On a frigid morning in early November, bundled in coats and scarves under a gloomy grey sky, it was to be expected that concert-goers would be seeking an escape. The Orchestre Symphonique de Montréal’s matinee concert “Amor!” was a welcome excursion, sweeping the audience off through the colourful musical tradition of warm, sunny Spain. With the bright clicks of castanets, lush neo-Romantic harmonies and rhythmic drive, the OSM brought a non-conformist approach to the concert hall, highlighting a musical culture so often neglected by the Western music tradition. Through the lenses of both native Spanish composers and those observing from the outside, emotions of the works ranged from passionate outbursts to the light comedy of peasants, from the terror of war to moments of quiet contemplation.

First on the concert was a work of Canadian composer Clermont Pépin, Guernica. The symphonic poem was inspired by the iconic Picasso painting of the same name, a work created in response to the Nazi’s bombing of a town in northern Spain during the Spanish Civil War. Pépin’s musical interpretation walks the listener through Picasso’s distorted black and blue landscape, demonstrating the destruction of war and the pain of its aftermath. Lyrical melodies and rich harmonies were soon shattered by timpani and snare acting as war drums. Familiar Latin rhythms were altered here, pressing forward with the drive of soldiers marching towards battle. The middle of the piece became quiet, as if the observer had stopped to witness the aftermath. This passage was executed with beautiful sensitivity from the orchestra, the strings playing with delicacy. However, by the end of the work the march had returned, this time with militaristic trumpet calls and the entire orchestra joining in lockstep.

Pépin’s work stood in stark contrast with the delicate melodies and light, neoclassical aesthetic of the Rodrigo Concierto de Aranjuez. This guitar concerto was inspired by the beauty of flowers, birds and fountains of the garden in Aranjuez, south of Madrid. The soloist in this performance was Jennifer Swartz, principal harp of the OSM. This version seemed to be a good fit, the sound of the harp filling the hall without losing the distinctive plucked character of the guitar. Despite a somewhat nervous look between entries, Swartz’s playing was poised, elegant and expressive. Her virtuosity shone in the first and third movements with articulately played scalar passages. The famous second movement, quoted by greats such as Miles Davis and Chick Corea, was beautifully voiced by Swartz and played with a sense of quiet tragedy. Swartz’s expressive performance nearly stole the show, receiving a standing ovation only half way in to the concert.

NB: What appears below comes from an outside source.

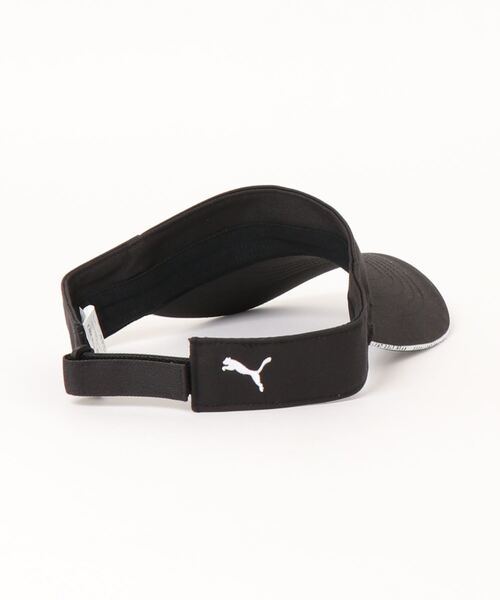 PUMA(プーマ)の「PUMA プーマ ゴルフ EGW ウィメンズ ツイルパッチバイザー(サンバイザー・レディース・ライトホワイト/ブラック・フリー)」の3枚目の写真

After this traditional Spanish harmonic language came Ravel’s Alborada del gracioso. Originally a piano piece from the collection titled Miroirs, we heard the master orchestrator’s work at play here. The composer was able to evoke Spanish flare through the use of plucked strings, crotales and col legno passages doubled by castanets. There were bursts of ecstasy, sweeps of woodwinds and moments of soaring melodies, though they were brief and handled with careful restraint. Assistant conductor Dina Gilbert really shone in this performance, her efficient, no-nonsense approach giving room for great swells with a good sense for when to pull back. She embodied the strength and power of work’s high points. As her first time leading a regular concert series with the orchestra, this seemed to be a great success.

It was appropriate that the concert was brought to a close with Suites no. 1 and 2 from De Falla’s El Sombrero de tres picos (The Three-Cornered Hat). One of the most important Spanish composers of the 20th century, De Falla’s ballet follows the comic attempts of a peasant to win the affection of a beautiful miller girl. This tale is conveyed through the music of the people; idiomatic Spanish harmonies, simple melodies and off-kilter alternating meters. There is a dance-like quality to the rhythms, with some parts evocative of galloping horses or traditional dances. Unaccompanied folk melodies came through in the bassoon and trumpet. The music meandered over much terrain, with triumphant marches leading in to dizzying, accelerating frenzies. The performance culminated in great orchestral shots, an exhilarating ending to a concert steeped with emotions and contrasts.

In a Western classical tradition that has notoriously ‘exoticized’ the music of Spain, viewed it as lesser art or simply ignored it all together, it was refreshing to hear works that fairly represented Spanish culture and paid homage to its music tradition.